Page 1 of 1
Disable weak ciphers on NagiosXI server?
Posted: Tue May 14, 2013 2:46 pm
by amybrown
My (new) boss decided to run a security scan and my Nagios XI server came up on the list as having "weak ciphers" and I'm expected to remediate this. I did the regular NagiosXI install and have not done any customizations or alterations to the software. Just curious how I should go about making this compliant...
Re: Disable weak ciphers on NagiosXI server?
Posted: Tue May 14, 2013 2:53 pm
by scottwilkerson
Could you ask the boss what this was referring to? As, "weak ciphers" is a little ambiguous..
Re: Disable weak ciphers on NagiosXI server?
Posted: Tue May 14, 2013 2:55 pm
by sreinhardt
Hi Amy, Would it be possible to expand upon what the scan is claiming has weak ciphers? My only guess would be https, as we do create a self assigned cert for apache to use. You could either regenerate a stronger one, 4096 bits or higher, or purchase a third party cert and use that.

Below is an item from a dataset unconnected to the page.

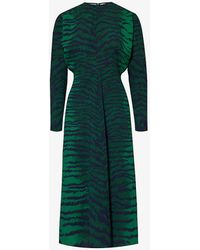 Victoria Beckham - Green Vy Dolman Round-neck Slim-fit Woven Midi Dress - Lyst
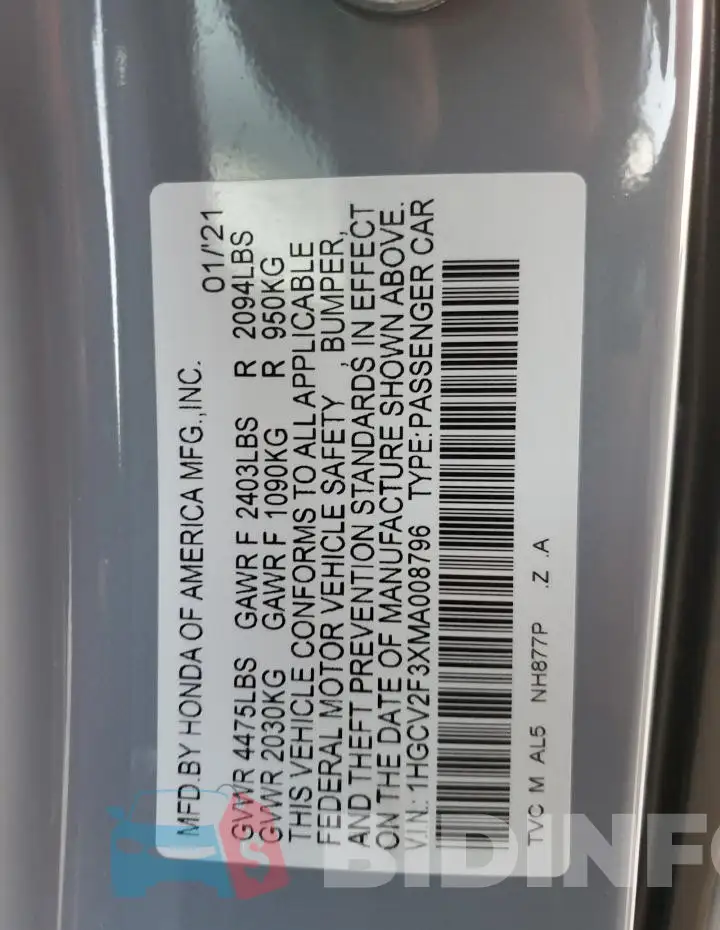 1HGCV2F3XMA008796 Photo# 13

Configuring SSL with Nagios XI is probably your best resource on how to get this done.
Re: Disable weak ciphers on NagiosXI server?
Posted: Tue May 14, 2013 2:59 pm
by amybrown
I think I've figured it out. I was confusing myself by looking at NagiosCore on my q/a box first. I saw on the NagiosXI box that the ssl.conf file exists in /etc/httpd/conf.c. I edited the CipherSuite line to exclude LOW:
SSLCipherSuite ALL:!ADH:!EXPORT:!SSLv2:RC4+RSA:+HIGH:+MEDIUM:!LOW
I just need to get approval to restart the webserver and we should be good.
Re: Disable weak ciphers on NagiosXI server?
Posted: Tue May 14, 2013 3:09 pm
by sreinhardt
Great! Let us know if there are any other issues!